Any invertible matrix can be represented as a product of elementary matrices.

Proof.

As we discussed in the previous paragraph, $A^{-1}=E_{N}\cdots E_{2}E_{1}$ , so

A=(A^{-1})^{-1}=E_{1}^{-1}E_{2}^{-1}\cdots E_{N}^{-1}.

∎

An Example.

Suppose we want to find the inverse of the matrix

\left(\begin{array}[]{rrr}1&4&-2\\ -2&-7&7\\ 3&11&-6\end{array}\right).

Augmenting the identity matrix to it and performing row reduction we get

	$\displaystyle\left(\begin{array}[]{rrr\|rrr}1&4&-2&1&0&0\\ -2&-7&7&0&1&0\\ 3&11&-6&0&0&1\end{array}\right)\begin{array}[]{c}\vphantom{1}\\ +2R_{1}\\ -3R_{1}\end{array}$	$\displaystyle\sim\left(\begin{array}[]{rrr\|rrr}1&4&-2&1&0&0\\ 0&1&3&2&1&0\\ 0&-1&0&-3&0&1\end{array}\right)\begin{array}[]{c}\vphantom{1}\\ \vphantom{1}\\ +R_{2}\end{array}\sim$
	$\displaystyle\left(\begin{array}[]{rrr\|rrr}1&4&-2&1&0&0\\ 0&1&3&2&1&0\\ 0&0&3&-1&1&1\end{array}\right)\begin{array}[]{c}\times 3\\ \phantom{1}\\ \phantom{1}\end{array}$	$\displaystyle\sim\left(\begin{array}[]{rrr\|rrr}3&12&-6&3&0&0\\ 0&1&3&2&1&0\\ 0&0&3&-1&1&1\end{array}\right)\begin{array}[]{c}+2R_{3}\\ -R_{3}\\ \phantom{1}\end{array}\sim$

Here in the last row operation we multiplied the first row by $3$ to avoid fractions in the backward phase of row reduction.
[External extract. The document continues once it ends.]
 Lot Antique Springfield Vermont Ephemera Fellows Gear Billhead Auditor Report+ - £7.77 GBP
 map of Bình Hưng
Continuing with the row reduction we get

\displaystyle\left(\begin{array}[]{rrr|rrr}3&12&0&1&2&2\\ 0&1&0&3&0&-1\\ 0&0&3&-1&1&1\end{array}\right)\begin{array}[]{c}-12R_{2}\\ \phantom{1}\\ \phantom{1}\end{array}

\displaystyle\sim\left(\begin{array}[]{rrr|rrr}3&0&0&-35&2&14\\ 0&1&0&3&0&-1\\ 0&0&3&-1&1&1\end{array}\right)

Dividing the first and the last row by 3 we get the inverse matrix

\left(\begin{array}[]{ccc}{-35/3}&{2/3}&{14/3}\\ 3&0&-1\\ {-1/3}&{1/3}&{1/3}\end{array}\right)

Exercises.

2.4.1.

Find the inverse of the matrices

\left(\begin{array}[]{ccccc}1&2&1\\ 3&7&3\\ 2&3&4\end{array}\right),\qquad\left(\begin{array}[]{rrr}1&-1&2\\ 1&1&-2\\ 1&1&4\\ \end{array}\right).

Show all steps

2.5. Dimension. Finite-dimensional spaces.

Definition.

The dimension $\dim V$ of a vector space $V$ is the number of vectors in a basis.
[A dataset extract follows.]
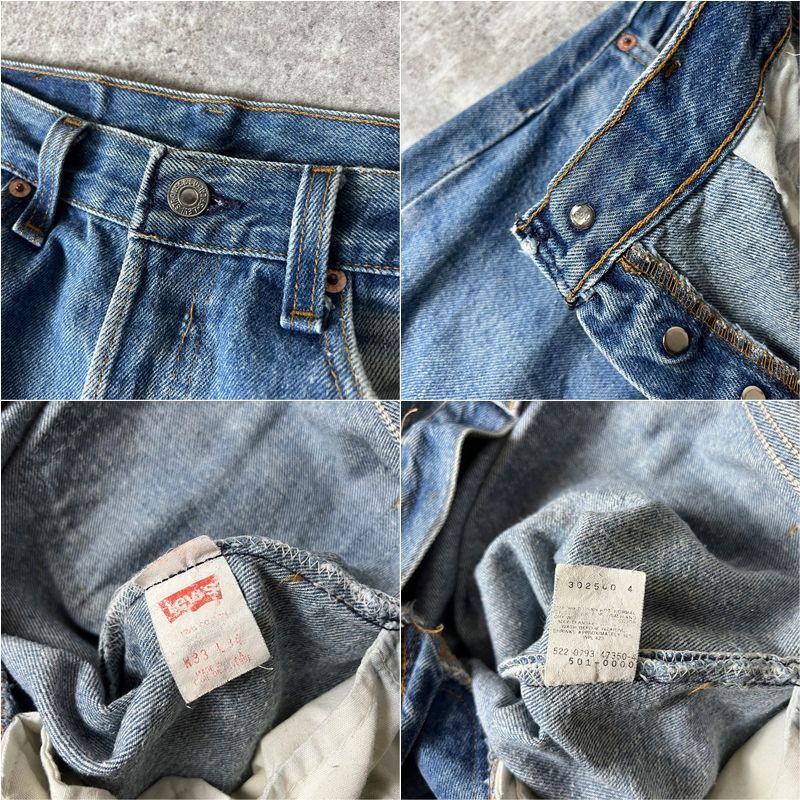 人気の新作 501 Levis USA製 90s ヒゲ デニム ストレート ジーパン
For a vector space consisting only of zero vector $\mathbf{0}$ we put $\dim V=0$ . If $V$ does not have a (finite) basis, we put $\dim V=\infty$ .

If $\dim V$ is finite, we call the space $V$ finite-dimensional; otherwise we call it infinite-dimensional.
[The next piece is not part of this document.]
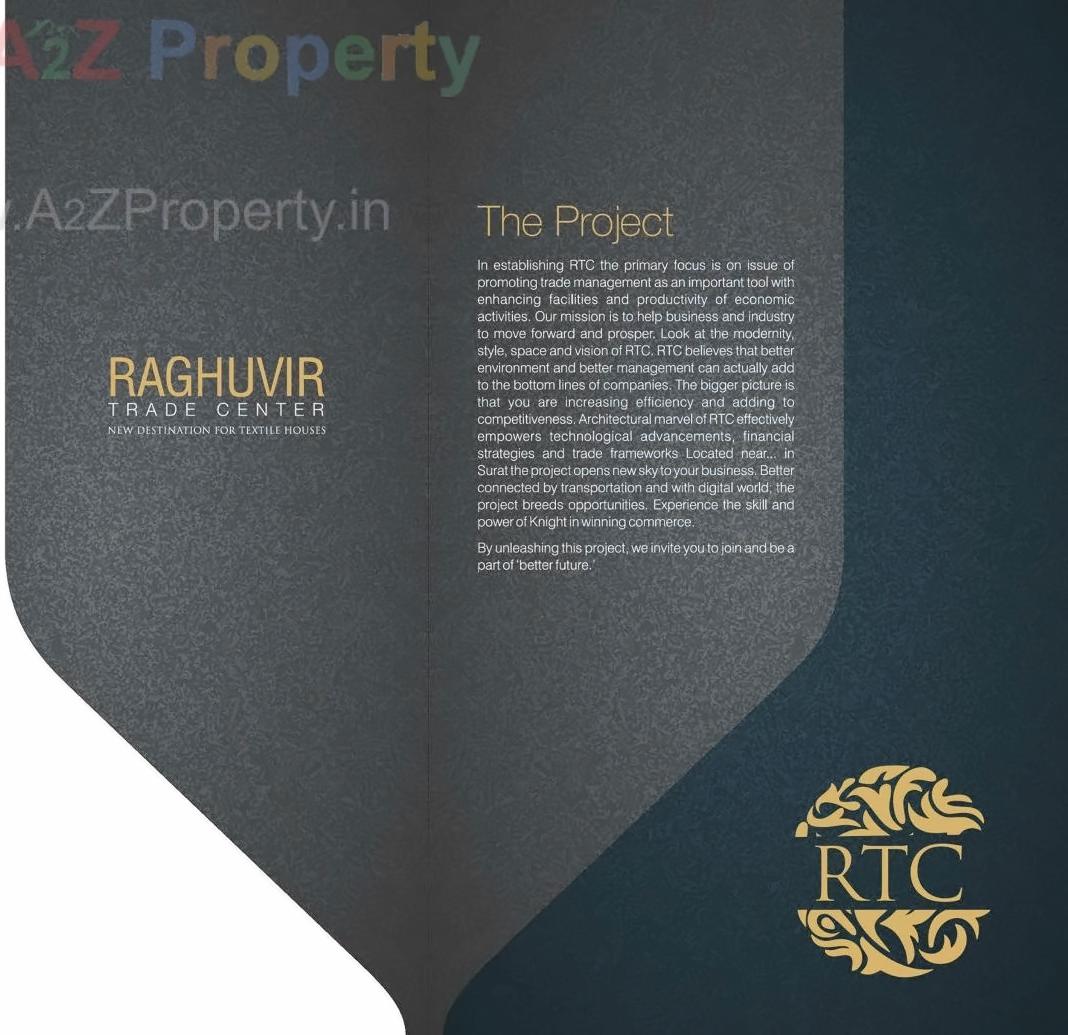  of real estate project Raghuvir Trade Center located at Magob, Surat, Gujarat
Proposition 2.3.3 asserts that the dimension is well defined, i.e. that it does not depend on the choice of a basis.

Proposition 1.2.8 from Chapter 1 states that any finite spanning system in a vector space $V$ contains a basis. This immediately implies the following

Proposition 2.5.1.

A vector space $V$ is finite-dimensional if and only if it has a finite spanning system.

Suppose, that we have a system of vectors in a finite-dimensional vector space, and we want to check if it is a basis (or if it is linearly independent, or if it is complete)? Probably the simplest way is to use an isomorphism $A:V\to\mathbb{R}^{n}$ , $n=\dim V$ to move the problem to $\mathbb{R}^{n}$ , where all such questions can be answered by row reduction (studying pivots).

Note, that if $\dim V=n$ , then there always exists an isomorphism $A:V\to\mathbb{R}^{n}$ . Indeed, if $\dim V=n$ then there exists a basis $\mathbf{v}_{1},\mathbf{v}_{2},\ldots,\mathbf{v}_{n}\in V$ , and one can define an isomorphism $A:V\to\mathbb{R}^{n}$ by

A\mathbf{v}_{k}=\mathbf{e}_{k},\qquad k=1,2,\ldots,n.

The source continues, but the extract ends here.